To love and live with a painter means marveling at the space between the things they see that you cannot see, that they then make. White canvas, blank walls, his vision.

 

Today I see him where he is not: outside my office window, dressed brightly, waving. I jump up and let him in the building. He has brought me green tea with honey and sits in my office reading something, anything, from my shelves while I finish my work before we go to the movies. I love being in your space, he says, like always. There he is where he liked to be, on my office sofa, reading any one of my books, pulled at random from the shelves. Tonight it is Teju Cole’s Open City, wherein a recent immigrant from Nigeria walks the streets of New York, thinking, reading, talking, running into people, narrating what his new eyes see, ruminating brilliantly on questions of identity.

 

Rabbi Ponet writes about Jews as a book-loving people, and the erotics of the book. He imagines us dancing with the books we find sacred. I can see Ficre dancing with the books he loved.

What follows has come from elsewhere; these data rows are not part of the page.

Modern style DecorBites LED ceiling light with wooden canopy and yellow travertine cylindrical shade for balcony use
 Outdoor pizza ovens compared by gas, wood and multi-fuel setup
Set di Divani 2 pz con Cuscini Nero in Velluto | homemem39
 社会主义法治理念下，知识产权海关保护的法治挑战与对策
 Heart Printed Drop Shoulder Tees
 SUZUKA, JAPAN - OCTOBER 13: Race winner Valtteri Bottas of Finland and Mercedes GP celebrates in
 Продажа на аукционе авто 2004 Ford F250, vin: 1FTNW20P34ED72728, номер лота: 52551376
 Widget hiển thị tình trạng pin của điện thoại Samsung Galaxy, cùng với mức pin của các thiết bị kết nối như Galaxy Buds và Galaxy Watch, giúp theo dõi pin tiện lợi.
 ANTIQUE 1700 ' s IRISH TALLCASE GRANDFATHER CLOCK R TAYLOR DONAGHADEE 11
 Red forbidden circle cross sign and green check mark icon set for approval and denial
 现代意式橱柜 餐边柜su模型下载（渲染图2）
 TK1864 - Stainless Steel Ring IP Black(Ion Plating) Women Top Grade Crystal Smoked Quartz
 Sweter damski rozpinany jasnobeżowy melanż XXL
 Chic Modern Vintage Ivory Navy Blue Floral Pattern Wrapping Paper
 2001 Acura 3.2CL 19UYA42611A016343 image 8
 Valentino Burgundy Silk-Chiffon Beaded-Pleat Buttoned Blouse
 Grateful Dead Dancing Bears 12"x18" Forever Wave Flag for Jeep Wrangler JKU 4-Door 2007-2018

When he was a child one of his nicknames at Italian school was “mangia-libro,” book-eater, he loved them that much.

 

I see him at home on the little red sofa, reading Primo Levi’s The Periodic Table.

 

I see him on the rocking chair on the porch in Puerto Rico at Christmas, reading The Black Count: Glory, Revolution, Betrayal, and the Real Count of Monte Cristo.

 

I see him sitting across the aisle from me on the airplane, reading Yoga Journal.